**YOUR INSTRUCTIONS:**
Your copy of the entries below should hold exactly the lines from the one containing "120 6TH STREET SE" to the one containing "A pic from outside/outdoor", inclusive, and no pictures.

**DATASET RECORDS:**
========
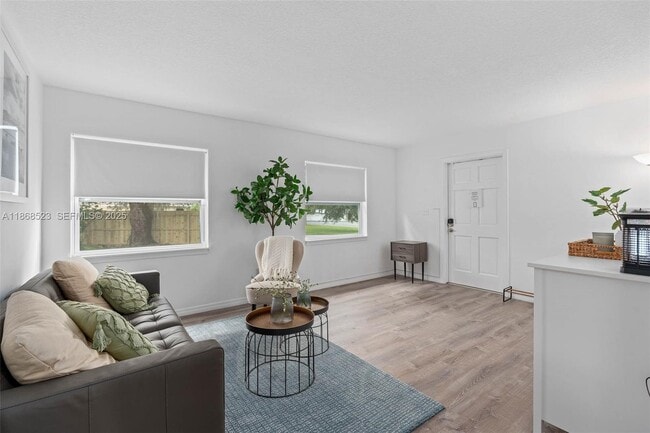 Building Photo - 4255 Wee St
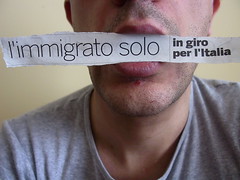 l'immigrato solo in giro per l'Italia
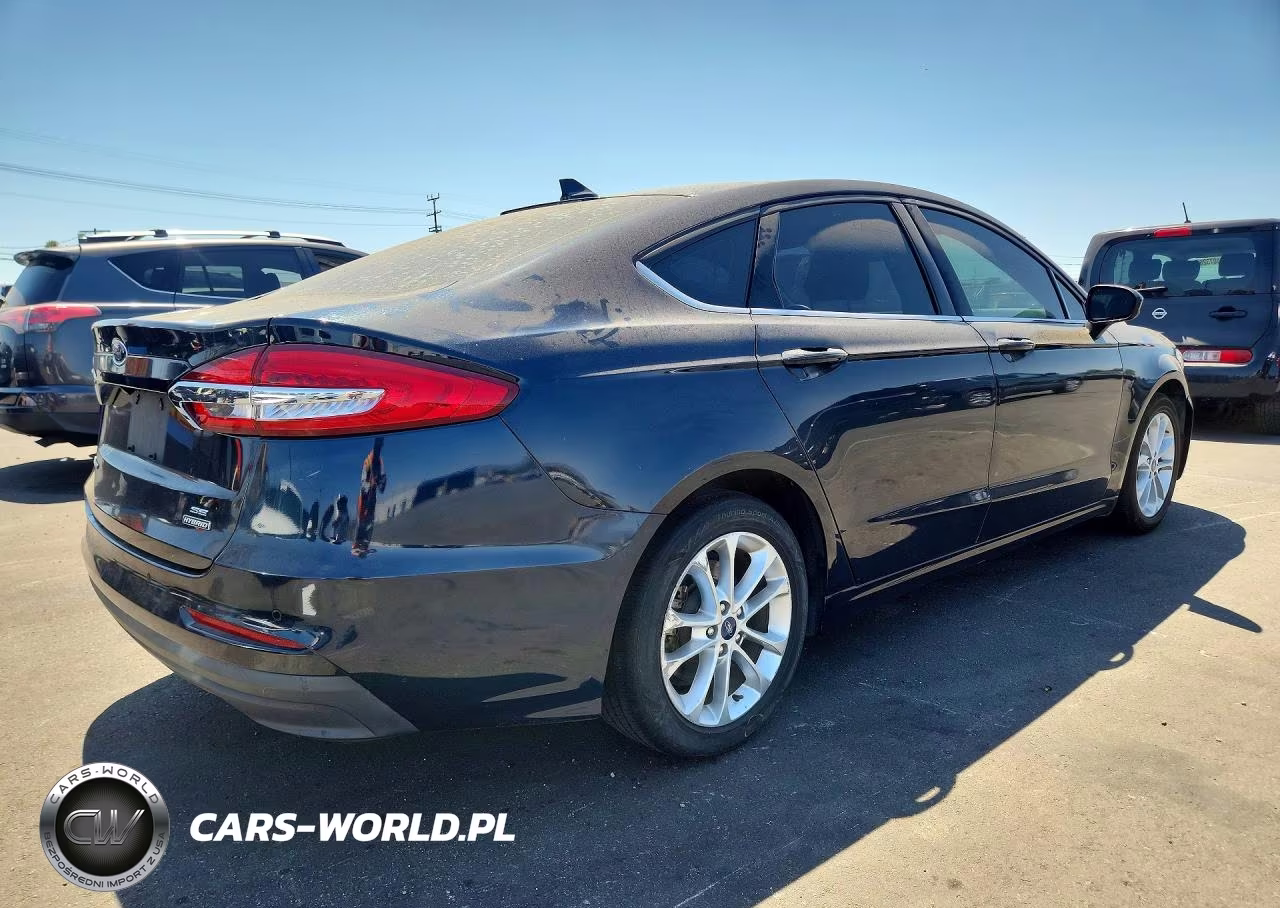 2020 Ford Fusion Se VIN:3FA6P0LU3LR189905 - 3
========
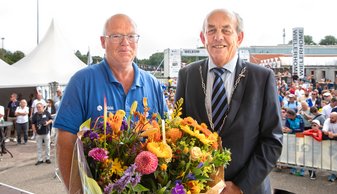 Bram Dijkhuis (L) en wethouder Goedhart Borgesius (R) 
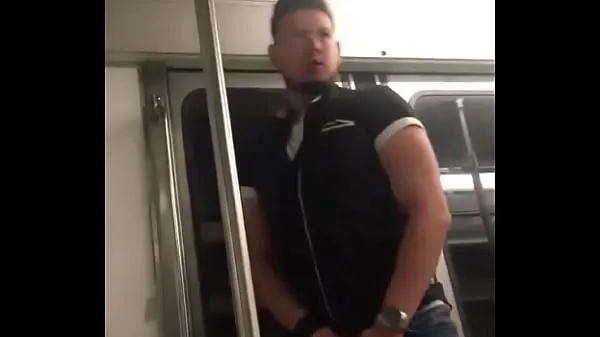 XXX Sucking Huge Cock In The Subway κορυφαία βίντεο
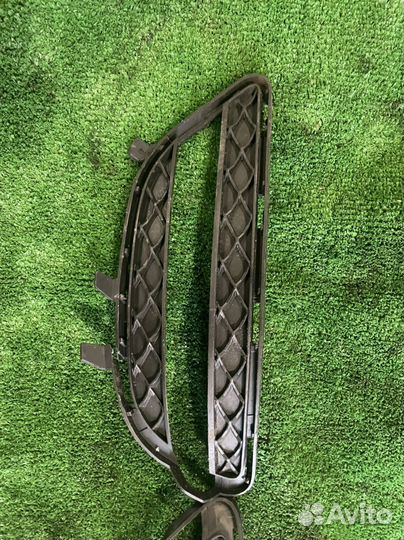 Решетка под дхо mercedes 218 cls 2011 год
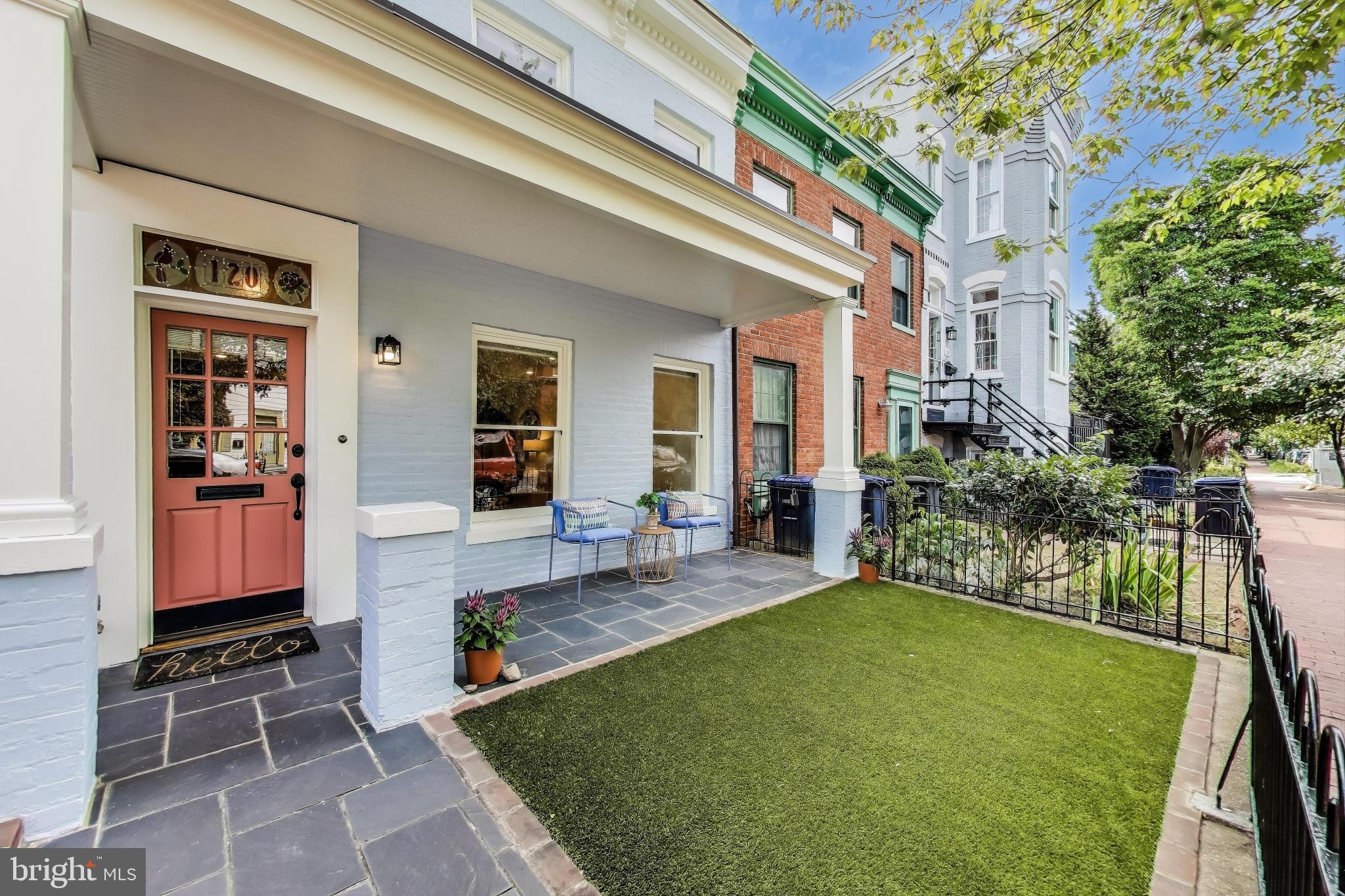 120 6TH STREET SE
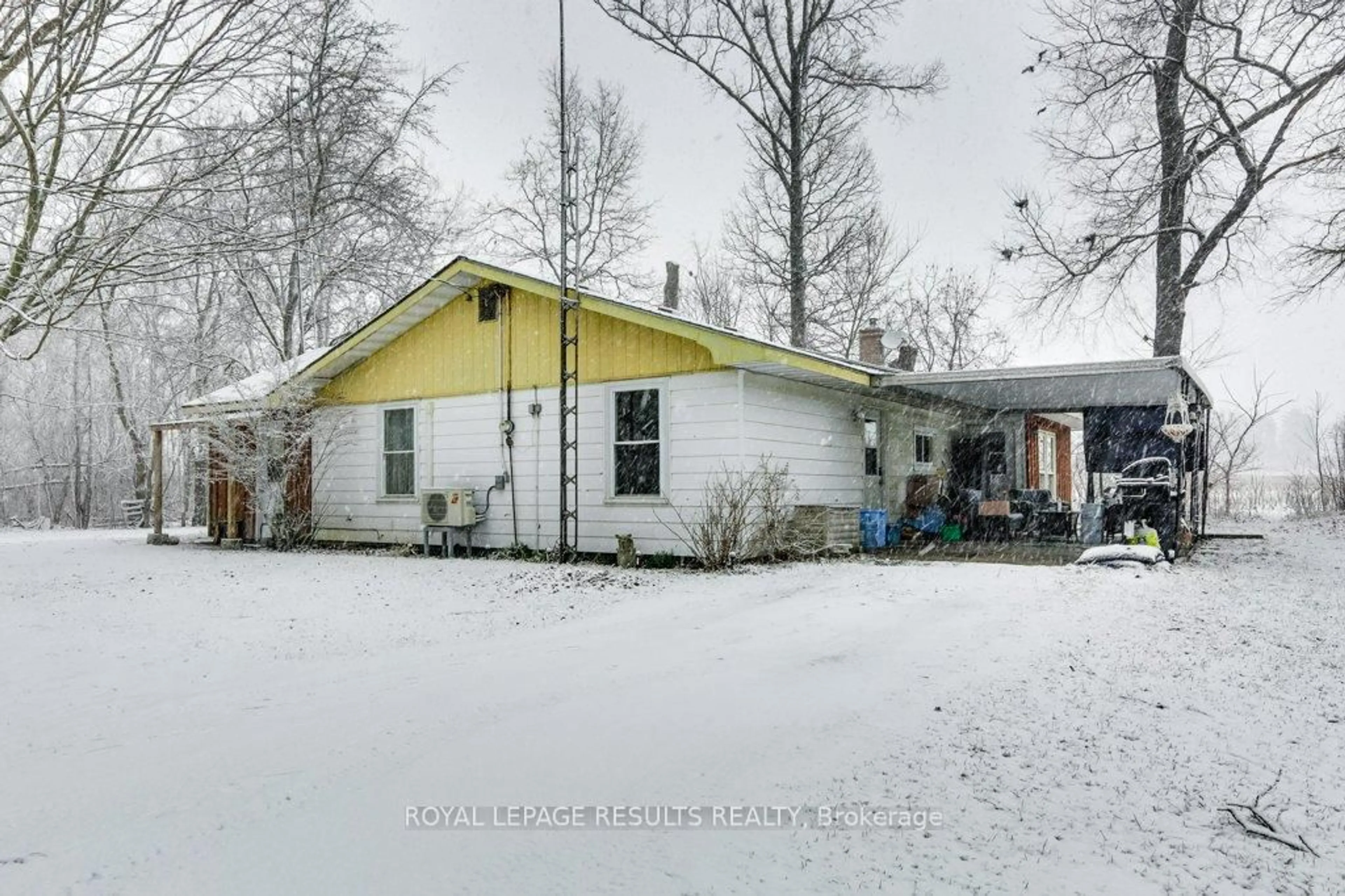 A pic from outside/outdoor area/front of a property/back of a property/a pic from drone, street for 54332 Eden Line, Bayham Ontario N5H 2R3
========
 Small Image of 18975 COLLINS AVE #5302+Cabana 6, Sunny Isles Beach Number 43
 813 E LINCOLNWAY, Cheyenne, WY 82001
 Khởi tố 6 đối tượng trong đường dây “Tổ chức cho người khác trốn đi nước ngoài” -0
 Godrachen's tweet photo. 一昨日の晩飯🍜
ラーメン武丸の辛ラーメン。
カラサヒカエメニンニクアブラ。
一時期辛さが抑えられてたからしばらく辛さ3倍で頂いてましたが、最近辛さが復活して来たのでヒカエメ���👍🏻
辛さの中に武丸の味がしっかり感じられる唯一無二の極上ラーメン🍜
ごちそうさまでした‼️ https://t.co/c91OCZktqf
========
**PROBLEM SOLUTION:**
 120 6TH STREET SE
 A pic from outside/outdoor area/front of a property/back of a property/a pic from drone, street for 54332 Eden Line, Bayham Ontario N5H 2R3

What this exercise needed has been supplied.